Here is one of the trails at Emerson Point that I recently explored. If it weren’t for that they are well-marked, I’d still be in there somewhere.
When you look at this photo, something might seem a little off. The path appears level yet distorted. Can you guess what it is? Spoiler, …the boardwalk ascends a hill, it’s not level. Once you know this, the sense of distortion disappears.
Our brain is the most complicated thing known to science. But neuroscientist can do all sorts of little test like this to point out the contours of aspects we are only beginning to understand. Check out this short demonstration of the blind spot which we have that the brain fills in. Most of us never even know we have one. I certainly didn’t until a few days ago.
To see the sunset like this, you walk into the park after closing. Doing so I thought I’d be alone but found a crowd along the shore, all with the same idea. After sunset, I took a quiet trail back to avoid the crowds. However, the trails have lifesize cutouts of historical figures, and more than once, I was startled by conquistadores and aboriginals staring back at me. It was a little unnerving, to say the least.
A branch hangs over the water along the Sunshine Skyway in Tampa. This image was taken at dawn one weekend.
During the weekdays, the skyway is inundated with cars commuting to work in the various counties that surround Tampa Bay.
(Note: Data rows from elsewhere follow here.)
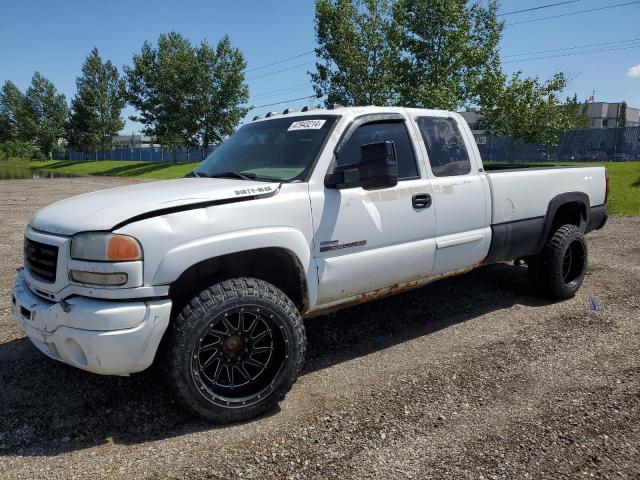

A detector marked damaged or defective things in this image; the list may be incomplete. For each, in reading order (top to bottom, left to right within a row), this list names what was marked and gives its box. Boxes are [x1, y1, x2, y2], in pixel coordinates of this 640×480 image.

dented hood [30, 177, 280, 235] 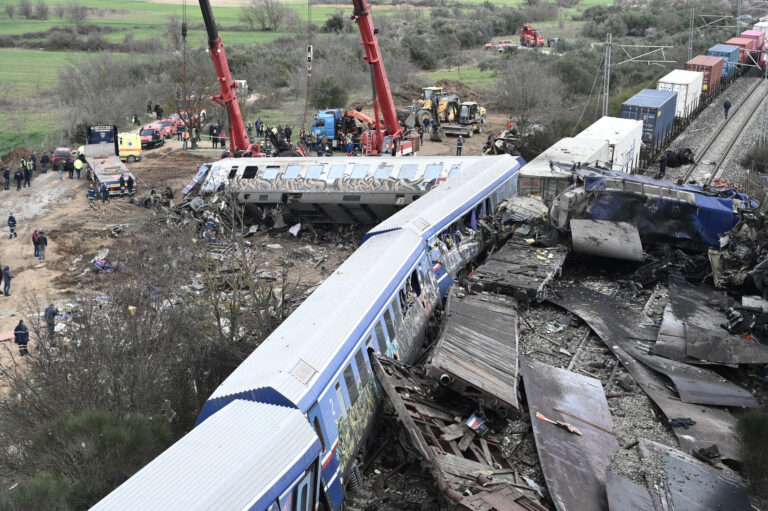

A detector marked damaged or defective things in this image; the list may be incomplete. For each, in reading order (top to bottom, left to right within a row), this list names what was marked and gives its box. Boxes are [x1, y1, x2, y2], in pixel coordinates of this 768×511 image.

burnt metal [468, 240, 568, 304]
torn metal panel [468, 241, 568, 304]
torn metal panel [568, 219, 640, 262]
torn metal panel [426, 290, 520, 418]
burnt metal [426, 290, 520, 418]
torn metal panel [664, 276, 768, 364]
burnt metal [664, 274, 768, 366]
torn metal panel [372, 356, 544, 511]
burnt metal [372, 356, 544, 511]
torn metal panel [516, 356, 616, 511]
burnt metal [516, 356, 616, 511]
torn metal panel [608, 472, 656, 511]
burnt metal [608, 472, 656, 511]
torn metal panel [608, 348, 740, 464]
torn metal panel [636, 440, 752, 511] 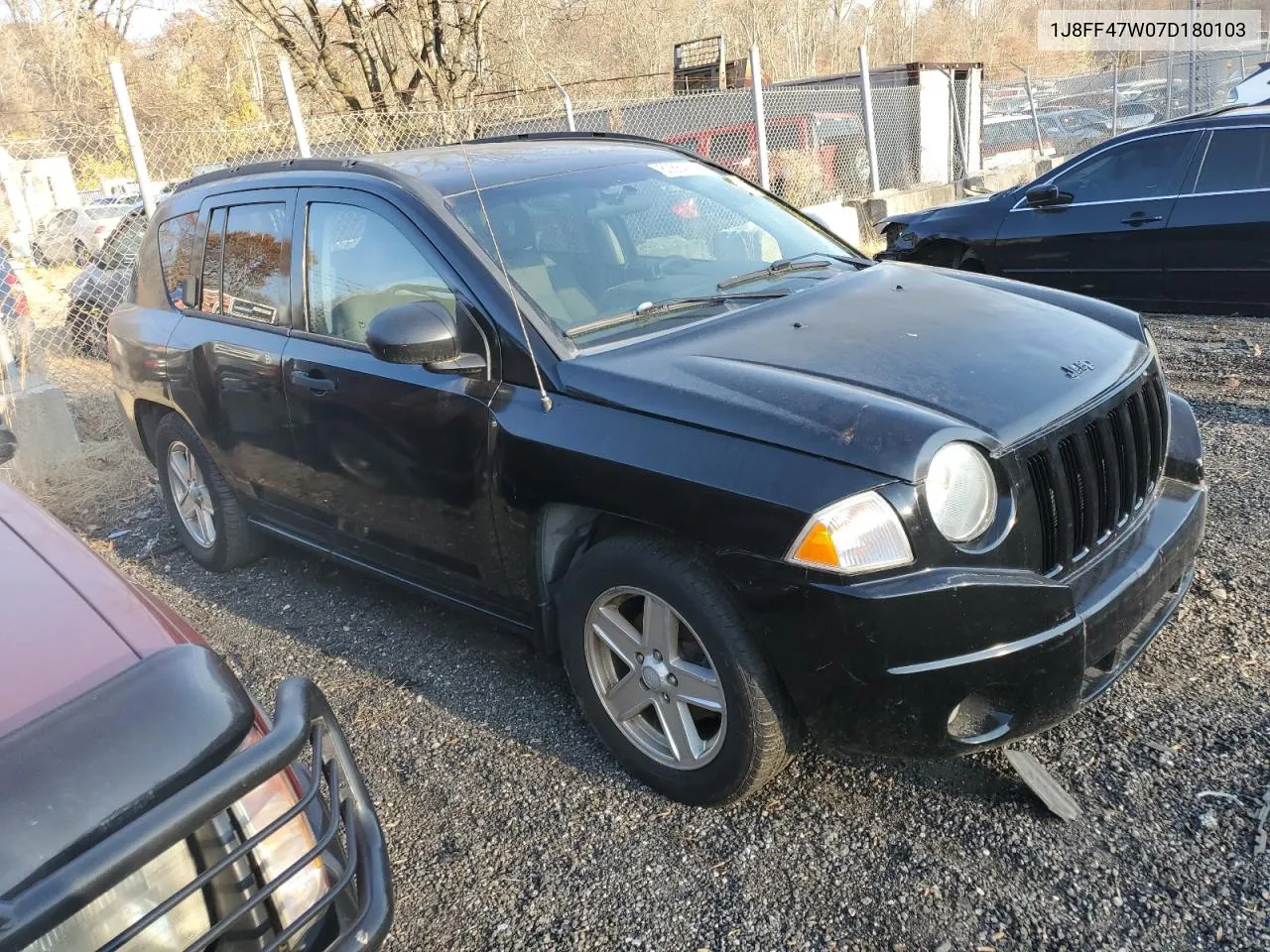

I traverse three counties just to get to Tampa, one county twice. The weird way Tampa is carved up, Hillsborough County is on both sides of Pinellas County, on the same highway.
Nevertheless, this is a long exposure that I took from Hillsborough County looking back at Manatee County. The Skyway is an impossibly long crossing of Tampa Bay. Not only is it a scenic drive, but it’s also a recreation area and one of the best rest stops in Florida.
At the tip of Longboat Key is a beach strewn with the remnants of past storms. It creates a surreal scene, and it’s a nice place to hang out.
The beach is only accessible by hike so, it becomes a bohemian camp of sorts. You feel very much away from it all here. Each time I come, there are groups of people in temporary camps with hammocks hanging from the trees. Sometimes they are playing music or singing, like gypsy gatherings in a Patrick Rothfuss novel.
On most mornings I have a routine, doing the same things I did the morning before. Once in a while, I take photos instead.
I’m a creature of habit, and if I don’t put my keys in the same place, I’d spend half my life looking for them. Habits and routines go hand in hand and can be good, or not so good. But you get my drift.
It’s a little like having an autopilot in our car. It allows us to do one thing while doing another. Again, nothing wrong with that unless we forget where we are going.
I guess my point is that it might be a good idea to step outside our comfort zone now and again to see where we are. For me, that means getting out to take photos. For you, it would be something completely different, but just as important.
Trees in a field are usually found in clusters. So when and I see one I might stop suddenly to take a photo, hopefully without causing an accident.
In this case, I saw the tree and continued driving until I could safely make a U-turn and park along the highway. But if there are no cars nearby, I may just hit the breaks and back up along the curb. That’s a bad idea if someone is in the car, but by myself, it works.
Lone trees are an easy subject. There are (pardon the pun) the low hanging fruit of landscape photography. Just find an angle that frames a solitary tree in its surroundings, and you have the makings of a good photo. In this case, I also have foreground and background elements that provide a sense of placement and perspective. And to top it off, no one was harmed in the making of this photo.
This also reminds me of an Ent of LOTR fame. Of course, we have Peter Jackson’s idea what they looked like; but before that, when I read the books, I imagined something like this. Maybe trees do have awareness, and we can communicate somehow. That would be a lot of fun, not scary at all. I’ll look for something more frightening.
The main thing that catches my eye is the contrast of the flower against the green and earth tones of the preserve. I suppose I could have waded into the swamp to get a better look, but I could hear the croaking of alligators close by and I needed to get home to re-organize my sock drawer. Not that I was afraid or anything.
I saw this tree while driving past a park in the heart of Kansas City. I like the idea of a tree standing alone. I saw a lot of those in the Dakotas during my road trip. But in general, I was going too fast to pull over on the busy interstate.
I was a little frustrated at not getting all those shots on the highway, so when I drove past this park, I stopped right away. Finding a tree isolated from others is rare.
This image is a little deceptive. First, I’m shooting up a hill where the horizon line blocks the trees behind it. In that way, it creates an illusion that there is only one tree. Secondly, using Photoshop, I carefully removed a radio tower on the left.
A bench in the shade outside the Ringling Museum in Sarasota Florida. I come here from time to time to take pictures of the manicured grounds. This was a particularly hot day and I thought this bench was well placed under the shade of a Banyan. There are a lot of trees here so it makes wandering the grounds a bit easier in summer. They also have ice cold lemonade at a snack bar under one of the largest Banyans in the region. Where would we be without Banyans.